Season 2 of Bridgerton made its long-awaited return on Friday, and it’s full of Regency-era dresses, society gossip, very—very—drawn-out storylines, and a few new faces. This season focused on the second novel in the eight-book series (The Viscount Who Loved Me), following Viscount Anthony Bridgerton (Jonathan Bailey) as he searches for a “perfect” wife. We are introduced to many hopefuls, including Lady Mary’s (Shelley Conn) youngest daughter, Edwina (Charithra Chandran), and her older half-sister Kate, played by Netflix’s sex education star Simone Ashley. The family has come to London from India for Edwinas’s societal debut. The Sharmas are another attempt to diversify the lily-white world of the Bridgerton novels—but is it working?

The “color-conscious” casting has been a focal point of critics and viewers since the series debuted on Christmas Day 2020, and this is still true for season two. The further diversified cast is a welcome change, but I worry it’s reading as checkbox inclusivity. It’s not a novel idea to take a beloved book that is steeped in whiteness and dip it in diversity for the screen, so I am slow to give out extra points for the casting—especially because all the characters of color still face (or come with ) the biggest traumas.

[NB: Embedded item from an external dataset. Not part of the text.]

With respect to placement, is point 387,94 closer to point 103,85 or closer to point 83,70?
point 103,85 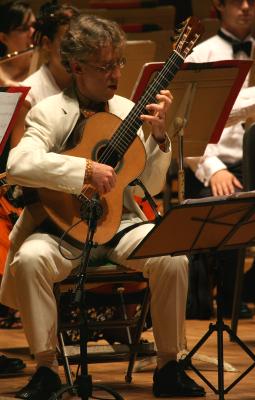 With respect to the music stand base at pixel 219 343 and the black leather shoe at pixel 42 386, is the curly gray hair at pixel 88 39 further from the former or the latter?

Last season, a pregnant Marina Thompson (Ruby Barker) was sold off to live with distant family members who (mostly) despised her in order to settle a debt. We pay a visit to her in Season 2, and though she and her children de ella (she had twins!) Are living very well, the cost she had to pay for such comfort has made her unhappy, alone, and stuck in a loveless marriage of convenience. The Duke of Hastings, Simon Basset (Regé-Jean Page), grew up with a father who was an abusive monster (to both him and his mother), and that unprocessed trauma follows him deep into adulthood, where his wife forcefully makes him a father. Now, in Season 2, we meet the stunning Sharmas, and soon learn that their backstories are filled with rejection, fear, flight, and death. It could be argued that the show is simply following the storylines laid out in the novels, and that reinventing those already existing characters as people of color for the screen was just a good fit. But then what is the reasoning for giving Black characters created just for the adaptation heavier storylines? There are two new characters in particular who get this traumatic treatment.

In Season 1 we meet Will Mondrich (Martins Imhangbe), an incredible boxer turned businessman. He appeared when the Duke seemed to need therapy or a training session, and later used his boxing talents to become a moneymaker for the white men of the ton. His storyline expands in the new season as he tries to open his social club, but his hard efforts are repeatedly laughed off by those same white men. He doesn’t get (some) of their respect until he saves one of them—a Bridgerton—from a shady deal. Why put this character at the constant mercy of whiteness? The same goes for Modiste Genevieve Delacroix, played by Kathryn Drysdale. There is so much space for depth, or even frivolity, in her storyline de ella, but she is continually used to help move everyone else’s plot forward but her own de ella.